Excel xlsx file not supported in xlrd
Problem
When attempting to read Excel files using pandas.read_excel() with the xlrd library, you may encounter the error:
xlrd.biffh.XLRDError: Excel xlsx file; not supportedThis error commonly occurs when:
- Reading .xlsx or .xlsm (macro-enabled) Excel files
- Using newer versions of xlrd (1.2.0+)
- Running code in production environments like Pivotal Cloud Foundry (PCF)

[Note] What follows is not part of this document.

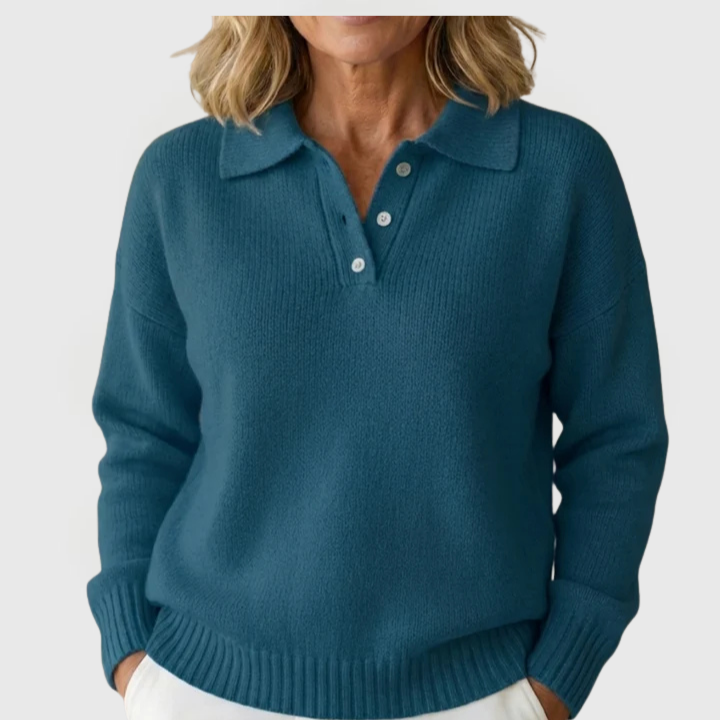 Madeline | Knitted Button-Collar Pullover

The root cause is that xlrd 2.0.0+ no longer supports .xlsx files, only the legacy .xls format.
Solutions
Recommended Solution: Use openpyxl
The optimal solution is to use the openpyxl engine, which properly supports both .xlsx and .xlsm files:
import pandas as pd
import os
df1 = pd.read_excel(
os.path.join(APP_PATH, "Data", "aug_latest.xlsm"),
engine='openpyxl'
)Prerequisites
Make sure you have the required packages installed:
pip install pandas openpyxlFor optimal compatibility, ensure you're using:
- pandas >= 1.0.1 (preferably the latest version)
- openpyxl >= 3.0.0
Alternative Engines
If openpyxl doesn't meet your needs, consider these alternatives:
# For Excel Binary (.xlsb) files
pip install pyxlsb# For advanced Excel integration
pip install xlwingsLegacy Approach (Not Recommended)
Security Warning
Using xlrd 1.2.0 is not recommended due to potential security vulnerabilities. Only consider this if absolutely necessary and with proper risk assessment.
pip install xlrd==1.2.0Best Practices
- Always specify the engine parameter when reading Excel files:
# For .xlsx files
df = pd.read_excel('file.xlsx', engine='openpyxl')
# For .xls files
df = pd.read_excel('file.xls', engine='xlrd')- Check file extensions and use appropriate engines:
import os
filename = 'data.xlsm'
extension = os.path.splitext(filename)[1].lower()
if extension in ['.xlsx', '.xlsm']:
engine = 'openpyxl'
elif extension == '.xls':
engine = 'xlrd'
elif extension == '.xlsb':
engine = 'pyxlsb'
else:
raise ValueError(f"Unsupported file format: {extension}")
df = pd.read_excel(filename, engine=engine)Why This Happened
The xlrd library dropped support for .xlsx files in version 2.0.0 to focus on security improvements and maintain the legacy .xls format support. This change was clearly documented in:
- The xlrd release notes
- Library documentation with prominent warnings
- PyPI project description
Production Deployment
For cloud environments like PCF, ensure your requirements.txt includes:
pandas>=1.2.0
openpyxl>=3.0.0Avoid pinning to older, insecure versions of xlrd, as this may introduce security risks in your production applications.
Summary
| File Type | Recommended Engine | Alternative Engine |
|---|---|---|
| .xlsx | openpyxl | - |
| .xlsm | openpyxl | - |
| .xls | xlrd | - |
| .xlsb | pyxlsb | - |
Always use the appropriate engine for your Excel file format and avoid deprecated xlrd versions to ensure both functionality and security in your applications.